Injecting liquidity: RBI, led by governor Y.V. Reddy, on Wednesday raised the repurchase rate by 25 basis points to 8%. Photograph by Abhijit Bhatlekar/Mint
“The rate hike was already discounted in the markets,” said Lalit Thakkar, director of equity research at city-based Angel Broking Ltd.
The recovery in Indian markets was surprising as all other key Asian markets suffered deep losses on Thursday.
Japan’s Nikkei, China’s Shanghai index, South Korea’s Kospi and Australia ASX lost more than 2% each. The Taiwanese index lost more than 3.3%, while Hong Kong’s Hang Seng was down 1.3%.
“Indian markets had corrected faster than many other markets in the past week,” said the head of equity research at a large foreign brokerage, who did not wish to be named.
The Sensex had lost 9.3% in June till Tuesday.
The yield on the benchmark 10-year bond, however, moved to almost a year-high of 8.38%, a level last seen in mid-June 2007, before closing at 8.32%. The yield and price of a bond move in opposite directions.

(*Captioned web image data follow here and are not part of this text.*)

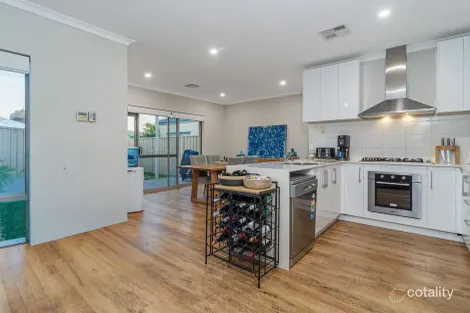 1/18 Melksham Way, Butler, WA 6036
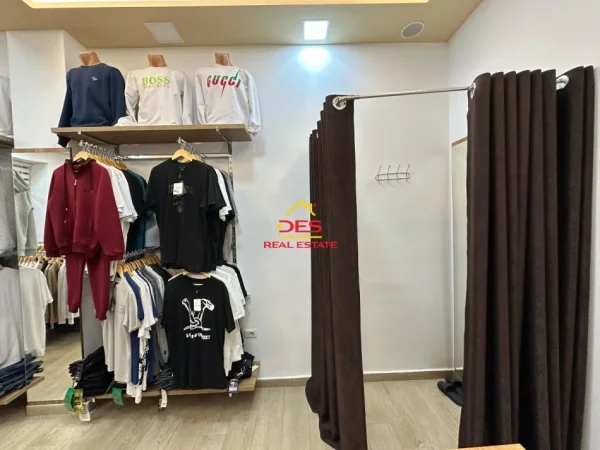 Vlore, shitet ambjent biznesi Kati 0, 55 m² 55.000 € (Rruga Sadik Zotaj)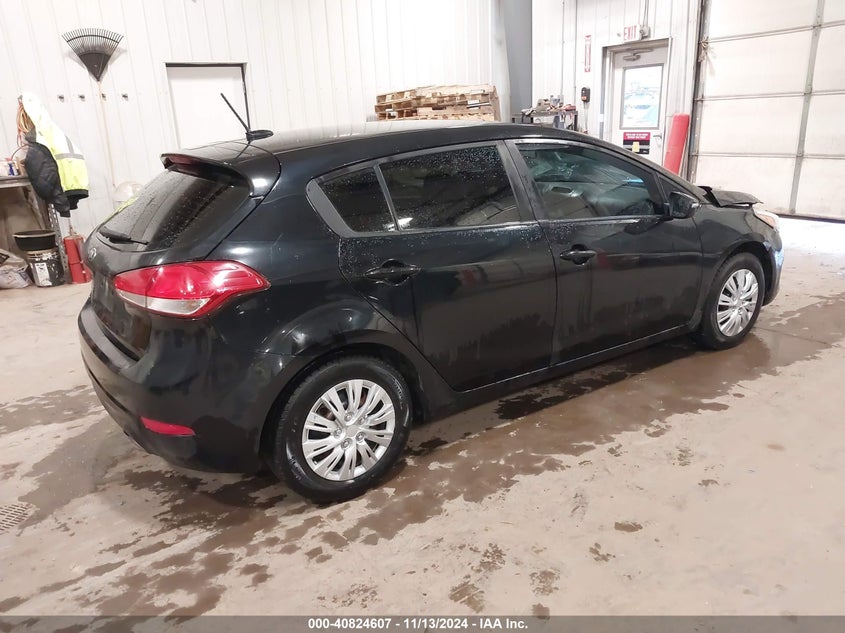 2017 KIA FORTE VIN: KNAFK5A82H5705075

The Reserve Bank of India (RBI) on late Wednesday rai-sed the repurchase rate, or the rate at which it injects liquidity in the system, by 25 basis points to 8%. One basis point is a 100th of a percentage point.
The local currency responded to the rate hike by strengthening in early morning trade on Thursday to 42.78/79 a dollar. Strong dollar demand from corporations and oil importers dragged down the rupee, but it still closed at 42.84/85, stronger than its Wednesday’s close of 42.86/87.
Bankers, however, do not see the rupee gaining further. “At the most, we can say the latest rate hike postponed the depreciation,” said the treasury head of a foreign bank, who could not be named because of his company’s media policies.
Theoretically, a hike in interest rate strengthens the local currency as the interest rate gap between the US and India widens, which attracts foreign funds to the local equity markets. But foreign fund flow has almost dried up. and in such a scenario, forex dealers do not expect the rupee to strengthen significantly.
But another treasury head of a public sector bank, who declined to be named, said the rupee should strengthen to 42.20 “once the oil bubble bursts” in about three months.
The trading volume of the 10-year benchmark paper was about Rs2,300 crore, more than 80% of all bonds traded on Thursday. According to bond dealers, the rate hike has cleared the cloud of uncertainty from the system, but if the inflation rate continues to be high and there is ample liquidity, RBI could go for another round of rate hike, or raise banks’ cash reserve ratio.
“We could see bond yields to be steady for sometime and consolidate around this level. The benchmark 10-year yield might remain range bound at around 8.35-8.25% in this month as inflation will be keenly watched,” said Vijay Anand, associate vice-president of money market at Development Credit Bank Ltd.